In a state known more for its skiing, predominant religion and professional basketball team, it can be easy to overlook Utah's healthy theater scene.
This past year three Utah works received nominations for the Steinberg New Play Award, local playwright Elaine Jarvik was honored at the Humana Festival, and now Utah's college students are center stage.
The Kennedy Center American College Theatre Festival is a national program designed to give college theater students a chance to showcase their work and have it critiqued by the best in the business.
According to its Web site, "The KCACTF honors excellence of overall production and offers student artists individual recognition through awards and scholarships in playwriting, acting, criticism, directing and design."
This year, Weber State University and Dixie State College were chosen to participate in the one-of-a-kind festival.
"I'm so excited it hurts," said Guy Smith, a Dixie student. "I already started the nightmare cycles. Before I open a show, I start to get dreams that reoccur about forgetting lines and stuff. That started to happen with the Kennedy Center, about failing horribly. It's scary but it's really, really exciting."
Smith was selected for his creative makeup designs for the school's production of "Sweeney Todd."

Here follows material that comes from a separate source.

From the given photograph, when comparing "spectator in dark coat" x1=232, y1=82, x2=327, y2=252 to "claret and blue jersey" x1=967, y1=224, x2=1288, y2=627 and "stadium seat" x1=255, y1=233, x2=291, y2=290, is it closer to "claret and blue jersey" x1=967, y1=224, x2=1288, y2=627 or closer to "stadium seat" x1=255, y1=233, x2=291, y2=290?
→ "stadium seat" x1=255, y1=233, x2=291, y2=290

Varlo Davenport, Dixie theater professor, said, "I know 'Sweeney Todd' and have loved it. But there were some aspects that I needed to tone down. To deal with the blood and gore, my concept was to make it black and white and model it after old 1920s horror films. That was all I gave Guy. He took it and ran with it."
Deciding that air-brushing was the only way to achieve the look he wanted, Smith "worked on it for months trying to get the levels and things down and I did it all by hand."

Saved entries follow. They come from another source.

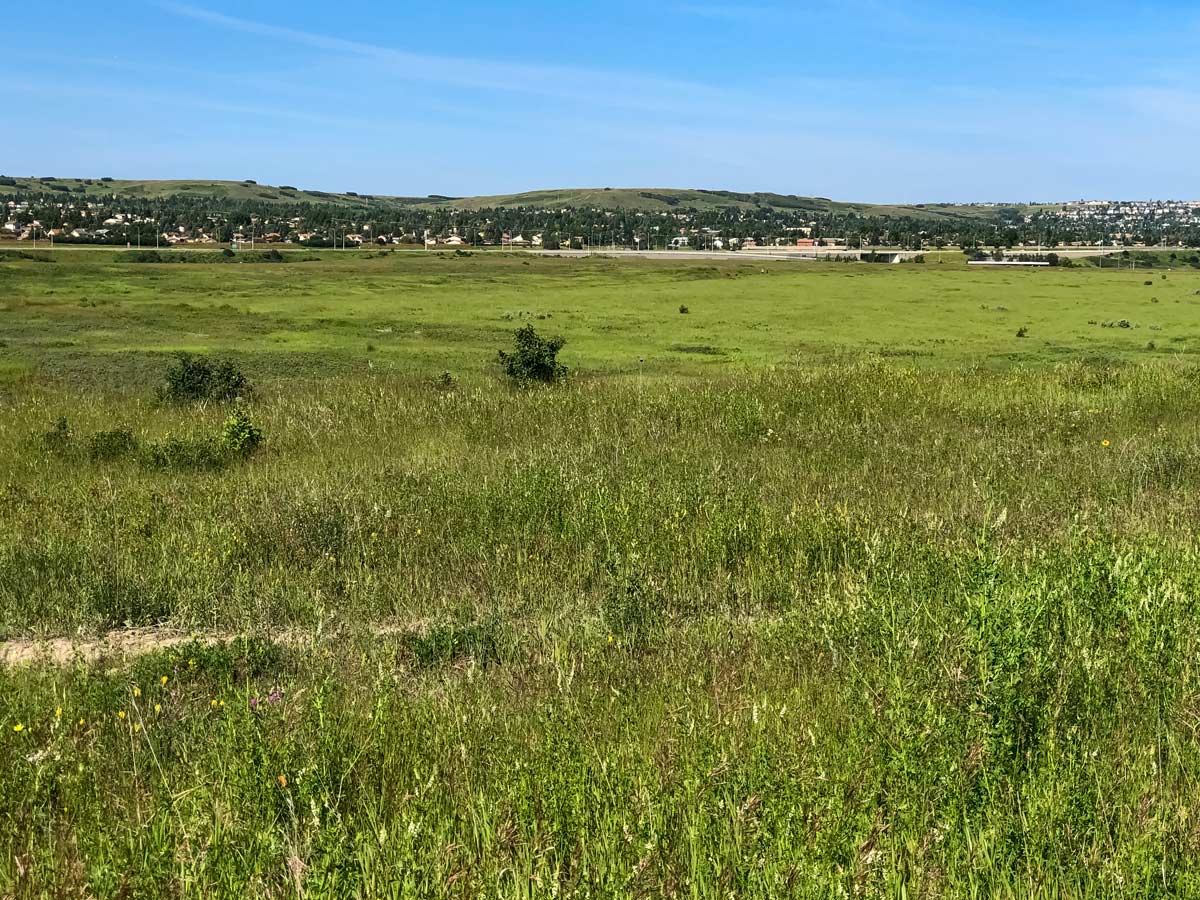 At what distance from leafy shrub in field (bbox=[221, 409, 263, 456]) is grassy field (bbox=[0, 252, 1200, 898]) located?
273mm

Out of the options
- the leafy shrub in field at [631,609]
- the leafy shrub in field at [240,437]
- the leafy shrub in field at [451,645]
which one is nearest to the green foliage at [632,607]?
the leafy shrub in field at [631,609]

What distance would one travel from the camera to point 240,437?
11.9 m

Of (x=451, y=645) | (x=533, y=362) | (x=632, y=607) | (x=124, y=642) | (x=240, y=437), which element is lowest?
(x=124, y=642)

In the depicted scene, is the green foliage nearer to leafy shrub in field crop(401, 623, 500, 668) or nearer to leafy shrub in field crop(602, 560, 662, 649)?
leafy shrub in field crop(602, 560, 662, 649)

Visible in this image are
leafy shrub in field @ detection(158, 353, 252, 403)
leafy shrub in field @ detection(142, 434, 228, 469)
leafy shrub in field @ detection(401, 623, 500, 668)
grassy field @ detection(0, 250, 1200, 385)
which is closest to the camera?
leafy shrub in field @ detection(401, 623, 500, 668)

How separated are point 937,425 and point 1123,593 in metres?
7.51

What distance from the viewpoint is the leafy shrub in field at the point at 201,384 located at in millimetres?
16516

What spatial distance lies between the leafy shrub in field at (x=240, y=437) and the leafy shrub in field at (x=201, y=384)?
4.79 m

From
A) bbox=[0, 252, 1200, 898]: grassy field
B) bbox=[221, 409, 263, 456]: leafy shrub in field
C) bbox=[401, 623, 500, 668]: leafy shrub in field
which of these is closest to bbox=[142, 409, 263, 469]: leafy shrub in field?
bbox=[221, 409, 263, 456]: leafy shrub in field

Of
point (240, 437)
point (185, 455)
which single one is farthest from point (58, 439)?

Davenport talked about the technique. "We didn't want it to look like bad Dracula makeup. To experiment, he would take a full-color picture of someone then with Photo shop transfer it to black and white. Then with airbrushing he did the same thing and then put them side by side, and when you couldn't tell they were made up, he knew he had the mix right."

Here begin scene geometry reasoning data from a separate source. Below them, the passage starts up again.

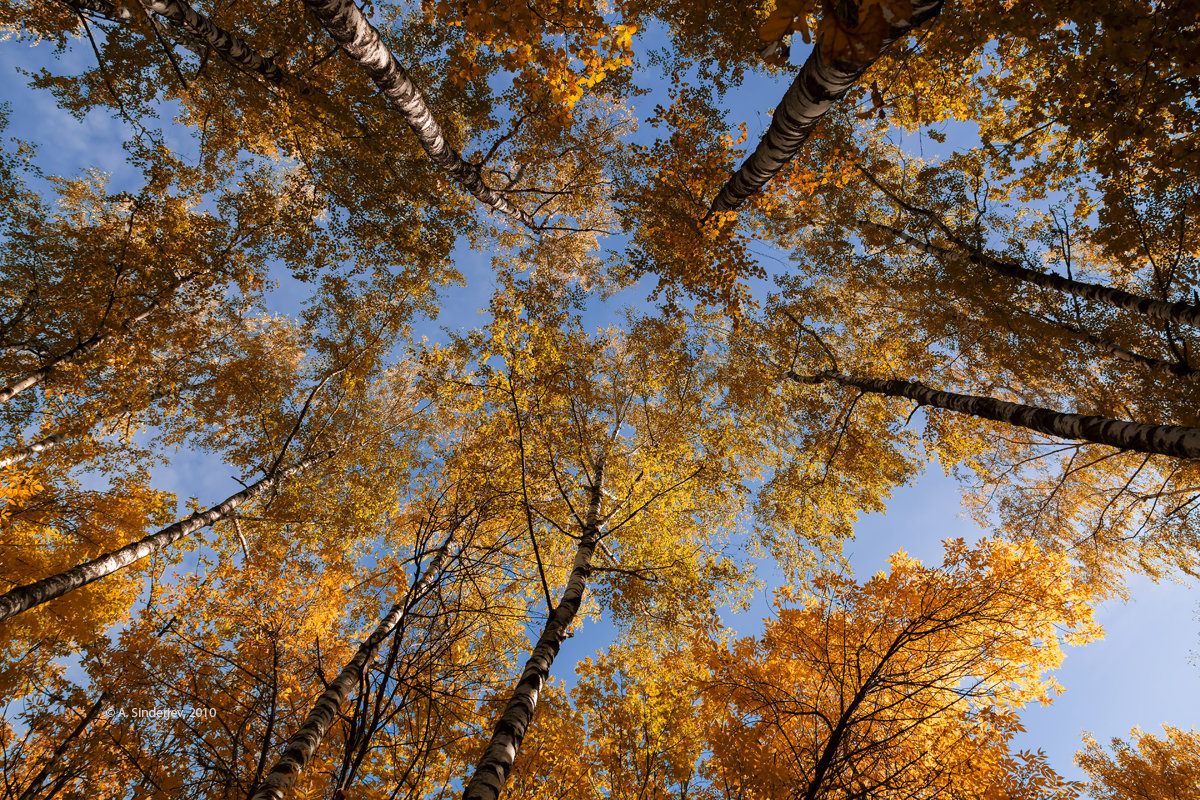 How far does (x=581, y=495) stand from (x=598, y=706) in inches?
156

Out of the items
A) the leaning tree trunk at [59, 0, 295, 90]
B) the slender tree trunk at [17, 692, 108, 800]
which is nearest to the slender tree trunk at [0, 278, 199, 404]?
the leaning tree trunk at [59, 0, 295, 90]

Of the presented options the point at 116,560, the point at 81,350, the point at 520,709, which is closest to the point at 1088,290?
the point at 520,709

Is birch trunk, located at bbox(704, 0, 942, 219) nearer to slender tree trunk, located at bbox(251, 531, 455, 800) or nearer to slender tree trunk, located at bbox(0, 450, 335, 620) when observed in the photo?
slender tree trunk, located at bbox(251, 531, 455, 800)

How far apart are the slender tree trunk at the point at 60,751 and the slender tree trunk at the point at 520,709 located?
5796 millimetres

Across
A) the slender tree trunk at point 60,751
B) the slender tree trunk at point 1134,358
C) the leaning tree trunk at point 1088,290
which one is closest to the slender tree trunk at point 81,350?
the slender tree trunk at point 60,751

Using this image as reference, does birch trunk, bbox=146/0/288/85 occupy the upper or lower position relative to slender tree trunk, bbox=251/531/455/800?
upper

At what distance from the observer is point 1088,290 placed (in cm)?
653

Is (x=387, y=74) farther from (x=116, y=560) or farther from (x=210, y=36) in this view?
(x=116, y=560)

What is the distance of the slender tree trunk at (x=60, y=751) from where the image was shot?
5230mm

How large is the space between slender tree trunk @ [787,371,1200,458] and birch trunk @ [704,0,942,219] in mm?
3870

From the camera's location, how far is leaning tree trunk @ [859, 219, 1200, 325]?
541 centimetres

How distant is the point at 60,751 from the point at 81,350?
6.21 meters

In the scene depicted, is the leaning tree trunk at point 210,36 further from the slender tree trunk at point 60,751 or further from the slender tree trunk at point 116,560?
the slender tree trunk at point 60,751

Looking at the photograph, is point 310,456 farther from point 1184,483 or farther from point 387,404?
point 1184,483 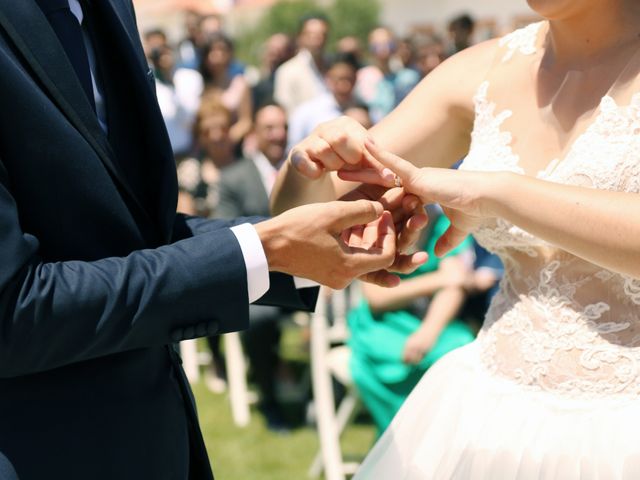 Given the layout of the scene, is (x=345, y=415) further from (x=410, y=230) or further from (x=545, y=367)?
(x=545, y=367)

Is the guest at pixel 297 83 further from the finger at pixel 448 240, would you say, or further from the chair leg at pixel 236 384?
the finger at pixel 448 240

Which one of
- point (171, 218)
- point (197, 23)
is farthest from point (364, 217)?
point (197, 23)

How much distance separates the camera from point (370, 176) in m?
2.47

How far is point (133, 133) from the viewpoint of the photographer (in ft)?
6.59

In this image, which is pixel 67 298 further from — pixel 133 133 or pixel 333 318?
pixel 333 318

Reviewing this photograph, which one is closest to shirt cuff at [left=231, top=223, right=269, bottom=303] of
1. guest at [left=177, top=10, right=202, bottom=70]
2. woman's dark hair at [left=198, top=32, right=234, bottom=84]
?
woman's dark hair at [left=198, top=32, right=234, bottom=84]

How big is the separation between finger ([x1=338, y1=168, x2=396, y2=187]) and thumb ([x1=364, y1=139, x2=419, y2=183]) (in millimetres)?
65

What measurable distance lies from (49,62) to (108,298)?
1.48 feet

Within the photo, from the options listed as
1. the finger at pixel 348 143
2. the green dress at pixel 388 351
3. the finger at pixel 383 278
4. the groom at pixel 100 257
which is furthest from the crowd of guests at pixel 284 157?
the groom at pixel 100 257

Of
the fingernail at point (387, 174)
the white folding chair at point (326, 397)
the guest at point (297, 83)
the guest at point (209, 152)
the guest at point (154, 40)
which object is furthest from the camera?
the guest at point (154, 40)

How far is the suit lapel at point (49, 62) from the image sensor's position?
1.77 meters

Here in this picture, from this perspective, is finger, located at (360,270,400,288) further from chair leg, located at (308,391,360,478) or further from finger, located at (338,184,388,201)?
chair leg, located at (308,391,360,478)

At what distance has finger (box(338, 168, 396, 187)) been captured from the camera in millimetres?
2436

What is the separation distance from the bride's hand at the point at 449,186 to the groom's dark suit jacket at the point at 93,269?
573 mm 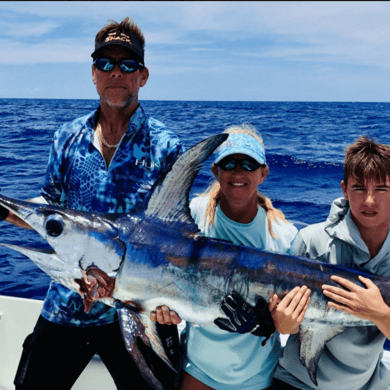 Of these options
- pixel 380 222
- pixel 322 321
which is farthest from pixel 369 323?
pixel 380 222

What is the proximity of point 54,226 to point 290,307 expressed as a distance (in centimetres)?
94

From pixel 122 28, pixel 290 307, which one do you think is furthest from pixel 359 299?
pixel 122 28

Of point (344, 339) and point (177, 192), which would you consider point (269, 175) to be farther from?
point (177, 192)

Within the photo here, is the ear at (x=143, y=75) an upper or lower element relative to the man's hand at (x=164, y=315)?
upper

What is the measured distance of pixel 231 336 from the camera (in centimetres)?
197

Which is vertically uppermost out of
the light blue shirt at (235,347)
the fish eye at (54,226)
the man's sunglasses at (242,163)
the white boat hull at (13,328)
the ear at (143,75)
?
the ear at (143,75)

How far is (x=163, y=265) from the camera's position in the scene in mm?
1694

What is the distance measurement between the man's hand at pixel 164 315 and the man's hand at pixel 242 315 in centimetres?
16

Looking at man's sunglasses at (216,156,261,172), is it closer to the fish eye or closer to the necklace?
the necklace

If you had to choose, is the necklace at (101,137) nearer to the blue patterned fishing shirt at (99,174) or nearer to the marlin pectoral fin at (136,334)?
the blue patterned fishing shirt at (99,174)

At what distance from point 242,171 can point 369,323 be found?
82 cm

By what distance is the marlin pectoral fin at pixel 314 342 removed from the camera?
1821 mm


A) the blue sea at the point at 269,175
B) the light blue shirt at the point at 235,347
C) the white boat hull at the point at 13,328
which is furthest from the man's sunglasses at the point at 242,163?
the white boat hull at the point at 13,328

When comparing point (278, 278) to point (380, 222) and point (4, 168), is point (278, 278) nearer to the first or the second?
point (380, 222) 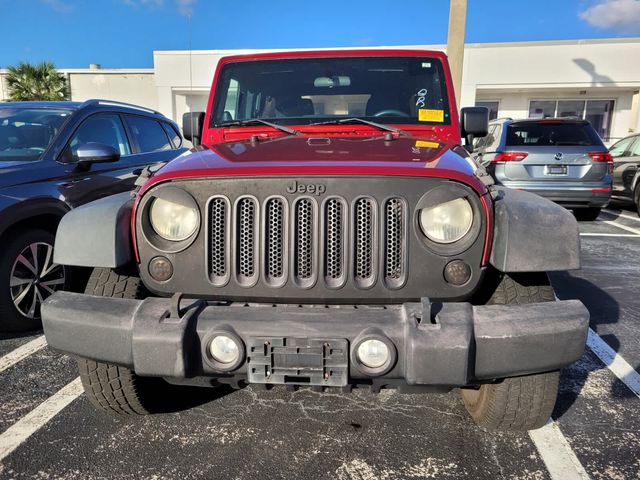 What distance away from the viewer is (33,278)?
3691 mm

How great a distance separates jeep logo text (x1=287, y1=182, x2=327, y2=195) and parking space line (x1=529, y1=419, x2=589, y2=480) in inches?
63.6

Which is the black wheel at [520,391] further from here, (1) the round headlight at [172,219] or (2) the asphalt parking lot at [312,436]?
(1) the round headlight at [172,219]

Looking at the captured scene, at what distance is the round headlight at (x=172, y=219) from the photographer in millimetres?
2107

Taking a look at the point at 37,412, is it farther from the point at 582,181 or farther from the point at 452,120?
the point at 582,181

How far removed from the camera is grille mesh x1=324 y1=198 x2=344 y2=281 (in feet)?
6.68

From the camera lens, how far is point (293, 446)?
2377 mm

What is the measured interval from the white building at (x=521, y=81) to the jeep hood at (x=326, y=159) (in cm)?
1655

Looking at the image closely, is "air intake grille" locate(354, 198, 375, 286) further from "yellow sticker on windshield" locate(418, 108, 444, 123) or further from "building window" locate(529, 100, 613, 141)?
"building window" locate(529, 100, 613, 141)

Smith, also an accomplished actor and member of the cast, spent 4 1/2 hours every night applying the makeup. "I had to paint myself along with the rest of the cast. All of the showing skin. By doing it myself, I was able to get really, really picky with the designs."
With a new skill under his belt, Smith, happy that he may now have a way to "put Ramen on the table" as an actor, is eager to head back East. "At the Kennedy Center, they actually import some of the best makeup artists in the world, and they work with us for a week. It's overwhelming but it's really exciting."
Joining Smith on his all-expenses-paid trip to Washington, D.C., will be members of Weber State University's production of "Musical of Musicals: The Musical."
"Well, when you do the math and you consider that there are 200-300 productions every year and only five or six get to go ... It's like going to the Super Bowl for college theater," said Jim Christian, WSU professor of theater and director the show.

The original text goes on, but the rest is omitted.